Awash in veterans still stung by an upset NCAA loss that prematurely ended its Final Four hopes, Ohio State starts the college basketball season well back among the nation’s Top 25, but with the talent and motivation to become elite.
Much like the five-star billing of a coveted recruit, a lofty pre-season college basketball ranking is the emptiest of accolades.
It promises everything and delivers nothing, creating expectations, but offering no results.
No one know should know that better than Ohio State, which owns the No. 17 spot in The Associated Press pre-season college basketball poll.
The Buckeyes, who open the season at home against Akron on Nov. 9, learned the folly of putting their faith in such numbers last March, when as a No. 2 seed they suffered the embarrassment of losing to 15th-seeded Oral Roberts in the first round of the NCAA Tournament.
Most of the talent that toiled in what cannot be branded anything other than OSU’s worst NCAA Tournament loss ever returns this season, presumably with ample motivation to author a much different ending.
Shooting guard Duane Washington, who missed his last nine three-point attempts in the loss to ORU, and point guard C.J. Walker are the only primary pieces missing from a team that specialized in generating and then crushing its fans’ hopes.

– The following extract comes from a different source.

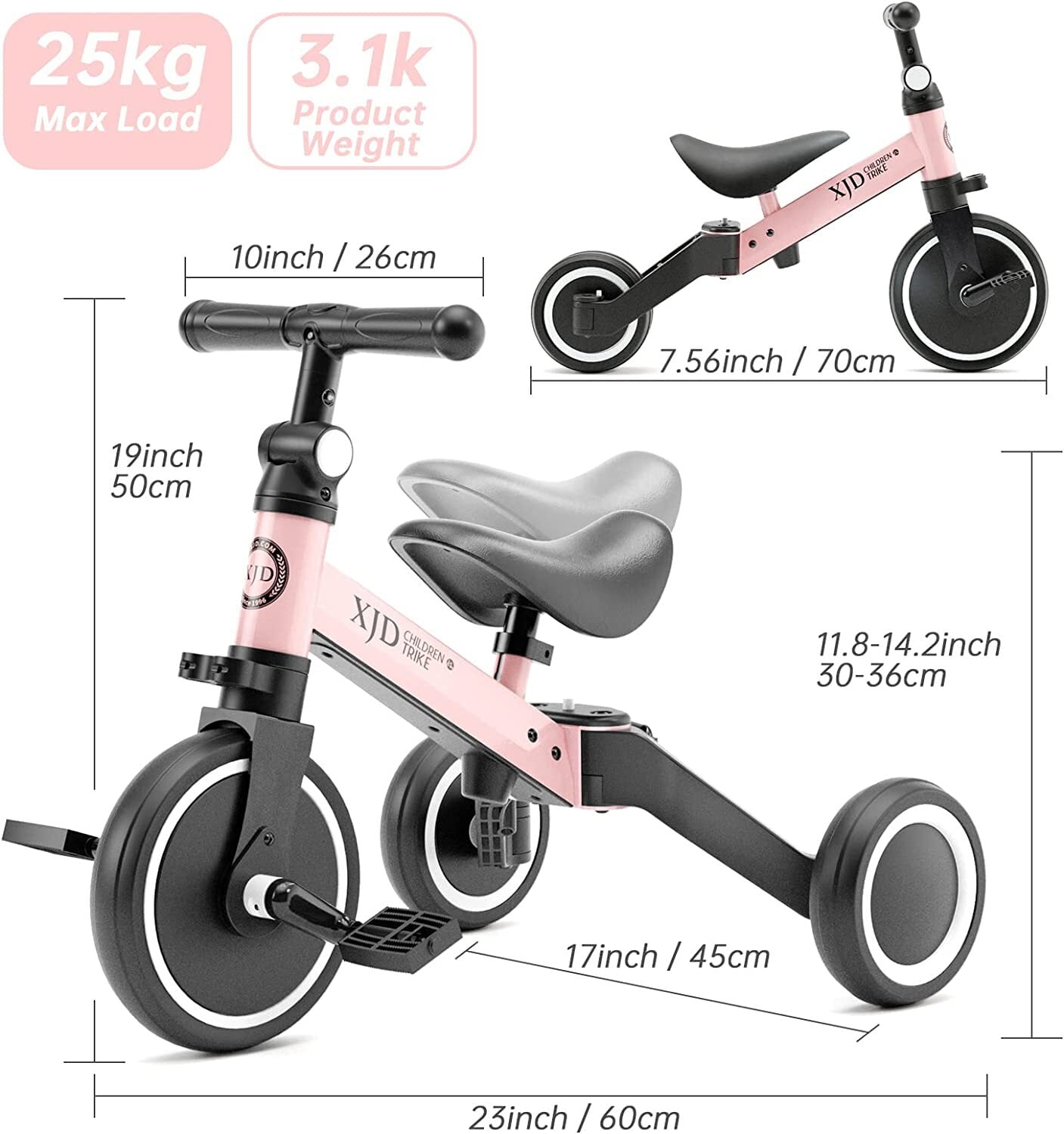 XJD 5 in 1 Toddler Bike for 1-4 Years Old Boy Girl Tricycles for Toddlers Kids Trikes for Balance Training Baby Bike Infant Trike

If experience breeds consistency, OSU shouldn’t be as subject this season to the wild swings that accompanied its seven-game Big Ten winning streak from mid-January to mid-February, a four-game losing streak to end the regular season, followed by a three-game rally to reach the finals of the Big Ten Tournament and then the crushing loss to Oral Roberts.
“I don’t think I’ve ever had a team this experienced and I doubt I ever will again,” said head coach Chris Holtmann, who enters his fifth season at OSU with an 87-44 mark that includes four straight 20-plus win seasons and NCAA berths each year, sans COVID. “I also don’t think, in fact I know, we’ve never played a schedule this difficult.”
That’s saying something, because two years ago when COVID wiped out the Tournament, the Buckeyes started 10-0 and rose to No. 2 in the country with wins over No. 10 Villanova, No. 7 North Carolina and No. 6 Kentucky.
This season, OSU travels to Xavier on Nov. 18, plays hosts to No. 9 Duke on Nov. 30 and gets No. 10 Kentucky in Las Vegas on Dec. 18.
“We have a lot of things to figure out,” Holtmann said. “Right now, I have no idea what our rotation is going to look like.”
One thing’s for sure…it’s going to look old, or, at least, familiar.
Kyle Young accepted an extra year granted to all players because of COVID and returns for a fifth season. He, junior E.J. Liddell, redshirt junior Justice Sueing and senior Justin Ahrens are the Buckeyes’ captains.
In addition to Sueing and Ahrens in their respective fourth seasons, OSU has fifth-year players in:
- Penn State transfer guard Jamari Wheeler;
- Louisiana Tech transfer guard Cedric Russell;
- Indiana transfer center Joey Brunk;
- Ex-Bucknell transfer guard, Jimmy Sotos, who played briefly for the Buckeyes last year before separating his shoulder in January.
Seth Towns, a Harvard transfer last season, is entering his sixth-year of college basketball — two of which he’s sat out with injuries. Towns will start this one in rehab, too, recovering from back surgery that will sideline him until December.
As for young guns, OSU has point guard Meechie Johnson, who got a jump-start on his career last season by leaving high school one year early, and fellow freshman Malaki Branham, the state’s reigning Mr. Basketball.
Sophomores Zed Key and Eugene Brown made several consequential contributions for the Buckeyes last season and also could figure heavily in the mix.
“I think we can play a lot of different combinations,” Holtmann said. “We’ll probably do what we did last year for a lot of the year…play a lot of guys until we get closer to the end of the season and then narrow the rotation down.”
Young’s return, Key’s improvement and Brunk’s arrival will free Liddell from having to play center this season, allowing him to show NBA scouts he can create his own shot off the dribble and therefore play small forward in the pros.
The 6-7 Sueing figures to occupy a wing opposite Liddell, and might also get spot duty at the point, which he showed an ability to handle at times last season.
Johnson and Wheeler give OSU plenty of quickness at the point and could be a dynamic defensive duo, while the 6-5 Branham, 6-6 Brown and 6-6 Ahrens provide plenty of size from the shooting guard spot.
Gonzaga is the nation’s No. 1 team in the preseason for the second straight year, coming in ahead of UCLA, Kansas, Villanova and Texas.
Michigan is the first of five Big Ten teams in the Top 25 at No. 6, with Purdue seventh, Illinois No. 11, OSU No. 17 and Maryland No. 21.